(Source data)
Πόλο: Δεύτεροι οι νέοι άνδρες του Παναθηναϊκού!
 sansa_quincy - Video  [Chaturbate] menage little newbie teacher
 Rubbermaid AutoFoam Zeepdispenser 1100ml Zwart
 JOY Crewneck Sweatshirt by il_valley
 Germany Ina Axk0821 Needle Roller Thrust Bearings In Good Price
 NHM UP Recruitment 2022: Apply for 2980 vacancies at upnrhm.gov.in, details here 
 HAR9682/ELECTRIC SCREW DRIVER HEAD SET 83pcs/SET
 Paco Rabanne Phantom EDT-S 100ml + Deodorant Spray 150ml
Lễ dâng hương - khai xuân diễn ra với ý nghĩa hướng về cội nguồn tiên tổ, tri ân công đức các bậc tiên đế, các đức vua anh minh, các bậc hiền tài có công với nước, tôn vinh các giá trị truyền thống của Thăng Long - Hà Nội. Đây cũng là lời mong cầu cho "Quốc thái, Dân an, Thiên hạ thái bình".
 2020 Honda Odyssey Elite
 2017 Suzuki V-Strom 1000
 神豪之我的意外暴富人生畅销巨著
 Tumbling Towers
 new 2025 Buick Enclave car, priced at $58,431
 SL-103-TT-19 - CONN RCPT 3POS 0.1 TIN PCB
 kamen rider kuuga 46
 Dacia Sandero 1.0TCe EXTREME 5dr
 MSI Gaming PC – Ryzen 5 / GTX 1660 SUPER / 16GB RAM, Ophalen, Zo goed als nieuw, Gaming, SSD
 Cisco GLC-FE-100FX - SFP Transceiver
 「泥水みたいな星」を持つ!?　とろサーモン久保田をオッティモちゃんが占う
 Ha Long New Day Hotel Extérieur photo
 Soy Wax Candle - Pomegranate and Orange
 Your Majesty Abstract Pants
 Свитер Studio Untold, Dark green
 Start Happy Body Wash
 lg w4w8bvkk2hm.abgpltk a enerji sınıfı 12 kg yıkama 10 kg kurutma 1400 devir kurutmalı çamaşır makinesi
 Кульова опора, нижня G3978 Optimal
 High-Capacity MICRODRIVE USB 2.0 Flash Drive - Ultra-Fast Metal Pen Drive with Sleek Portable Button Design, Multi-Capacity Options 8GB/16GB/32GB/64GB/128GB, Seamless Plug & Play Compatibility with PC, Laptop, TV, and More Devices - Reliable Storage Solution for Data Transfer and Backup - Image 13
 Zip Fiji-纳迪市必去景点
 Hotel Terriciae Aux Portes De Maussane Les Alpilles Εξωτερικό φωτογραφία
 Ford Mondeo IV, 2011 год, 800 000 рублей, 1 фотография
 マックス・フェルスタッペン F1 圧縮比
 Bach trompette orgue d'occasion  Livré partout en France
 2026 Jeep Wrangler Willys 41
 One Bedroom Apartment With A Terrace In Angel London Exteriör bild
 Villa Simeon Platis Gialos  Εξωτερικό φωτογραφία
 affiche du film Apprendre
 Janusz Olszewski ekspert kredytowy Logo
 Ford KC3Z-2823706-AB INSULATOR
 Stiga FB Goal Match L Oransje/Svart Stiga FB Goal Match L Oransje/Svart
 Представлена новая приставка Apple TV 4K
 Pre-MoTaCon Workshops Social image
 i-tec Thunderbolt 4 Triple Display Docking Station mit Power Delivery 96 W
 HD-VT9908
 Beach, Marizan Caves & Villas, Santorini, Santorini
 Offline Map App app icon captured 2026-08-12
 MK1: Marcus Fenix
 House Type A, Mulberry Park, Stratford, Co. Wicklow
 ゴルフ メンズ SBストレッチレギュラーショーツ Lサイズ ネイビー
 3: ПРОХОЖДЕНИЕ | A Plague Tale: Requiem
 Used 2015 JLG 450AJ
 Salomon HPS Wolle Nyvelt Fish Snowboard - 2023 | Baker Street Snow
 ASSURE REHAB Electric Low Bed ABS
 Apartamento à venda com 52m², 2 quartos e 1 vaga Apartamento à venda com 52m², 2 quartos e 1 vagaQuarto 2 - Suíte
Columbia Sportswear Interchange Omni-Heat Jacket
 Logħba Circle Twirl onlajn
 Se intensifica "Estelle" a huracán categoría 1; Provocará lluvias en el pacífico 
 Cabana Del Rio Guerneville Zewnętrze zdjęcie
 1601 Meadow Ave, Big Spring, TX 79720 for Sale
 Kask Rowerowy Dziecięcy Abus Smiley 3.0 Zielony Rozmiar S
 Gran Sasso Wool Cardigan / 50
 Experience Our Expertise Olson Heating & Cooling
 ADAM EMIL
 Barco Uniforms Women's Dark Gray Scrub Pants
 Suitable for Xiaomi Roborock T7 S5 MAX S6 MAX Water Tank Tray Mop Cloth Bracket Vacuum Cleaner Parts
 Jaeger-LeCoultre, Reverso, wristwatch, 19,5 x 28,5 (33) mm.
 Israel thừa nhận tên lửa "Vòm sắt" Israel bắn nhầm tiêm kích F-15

REQUIRED WORK —
The response must consist solely of the lines from the top of the records through the line holding "HAR9682/ELECTRIC SCREW DRIVER", copied word for word.

SOLUTION TO THIS EXERCISE —
Πόλο: Δεύτεροι οι νέοι άνδρες του Παναθηναϊκού!
 sansa_quincy - Video  [Chaturbate] menage little newbie teacher
 Rubbermaid AutoFoam Zeepdispenser 1100ml Zwart
 JOY Crewneck Sweatshirt by il_valley
 Germany Ina Axk0821 Needle Roller Thrust Bearings In Good Price
 NHM UP Recruitment 2022: Apply for 2980 vacancies at upnrhm.gov.in, details here 
 HAR9682/ELECTRIC SCREW DRIVER HEAD SET 83pcs/SET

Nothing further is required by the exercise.